Così come discutibile è l’argomento che la separazione delle funzioni priverebbe il pubblico ministero della altisonante “cultura della giurisdizione” senza che ci si domandi se invece, proprio la commistione non rischi di alimentare una “cultura dell’inquisizione” anche in chi giudica. Né aiutano gli argomenti a effetto che evocano obiettivi di “normalizzazione” della magistratura, con tanto di citazione di Berlusconi e Orbàn, per una soluzione ( quella della separazione) che è praticata in tutti gli ordinamenti liberal- democratici più avanzati, che i costituenti avrebbero voluto attuare se solo il codice di procedura penale, all’epoca, fosse stato quello che è oggi, e che fu sostenuta con argomenti “laici” da Giovanni Falcone, il quale, già, allora prevedeva che sarebbe stato accusato, per questo, di attentato alla magistratura.

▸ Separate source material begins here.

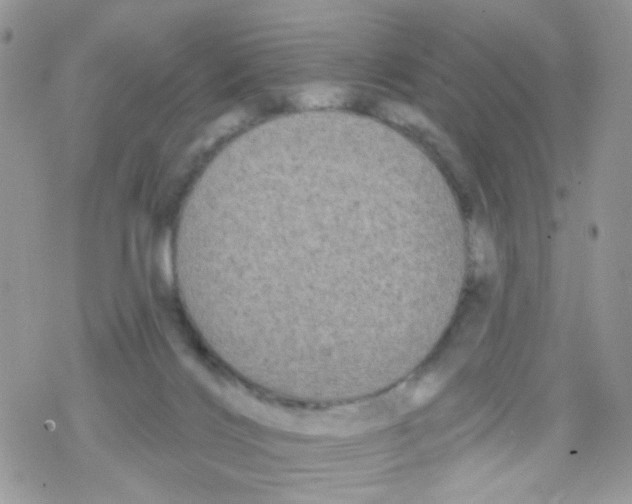 X0000078310028200611251544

Infine, per limitarci solo a un altro esempio, contestare la legittimità della scelta che i magistrati siano valutati da un organo misto ( che comprenda avvocati e professori) e non solo dai propri colleghi invocando nuovamente l’obiettivo della normalizzazione, non ripropone solo l’idea misticheggiante di magistrati immuni dal rischio di tentazioni corporative. Dimentica, soprattutto che la soluzione di una composizione mista degli organi che si occupano dei magistrati ( anche per irrogare misure disciplinari, ad esempio) è esattamente quella che ha scelto il nostro costituente istituendo il Consiglio Superiore della Magistratura. Informare e discutere per poter deliberare con cognizione di causa è un valore che dovrebbe essere caro a tutti, a prescindere dalle singole scelte politiche. Invocare, a corrente alternata, la Costituzione, omettendo quello che di essa non ci piace, mentre si paventano complotti rispetto al resto, appartiene anch’esso alle visioni mistiche e alle guerre ideologiche. Esattamente ciò di cui non abbiamo alcun bisogno.

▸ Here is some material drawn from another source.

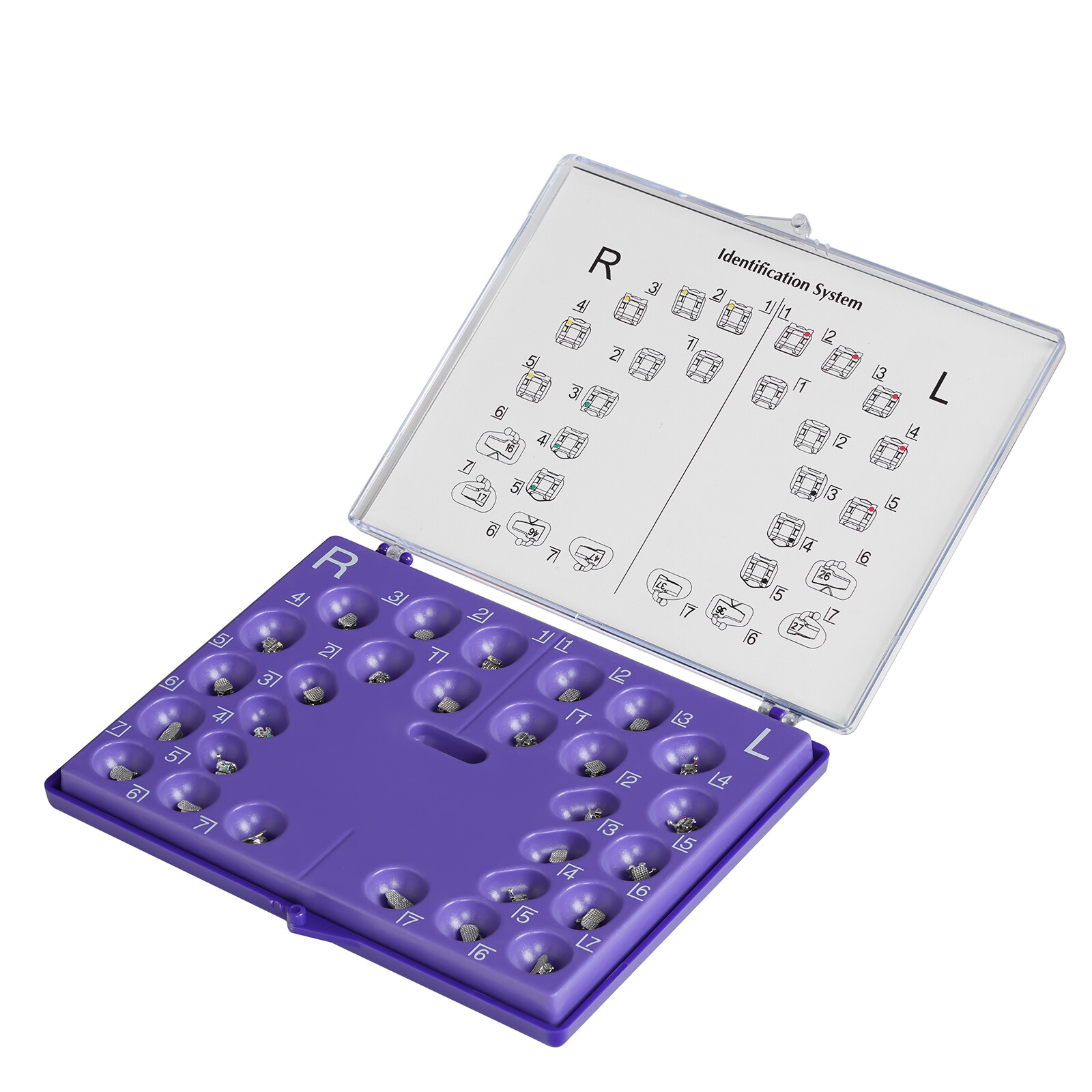 ETERFANT Dental Orthodontic Self-Ligating Bracket Braces Roth 022 345Hooks+Tool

A meno che, come suggerisce la Urbinati, non si scelga di optare per l’astensione. In quel caso non c’è nemmeno bisogno di informarsi, come non si informa quell’alta percentuale di astensionisti cronici che ha deciso, spesso per senso di impotenza, di disinteressarsi e basta. Una bella scorciatoia per chi invece è così risolutamente convinto delle proprie ragioni. Una scorciatoia che non mi pare esattamente riflettere l’impegno etico del cittadino attivo che traspare da tanti altri scritti della Urbinati.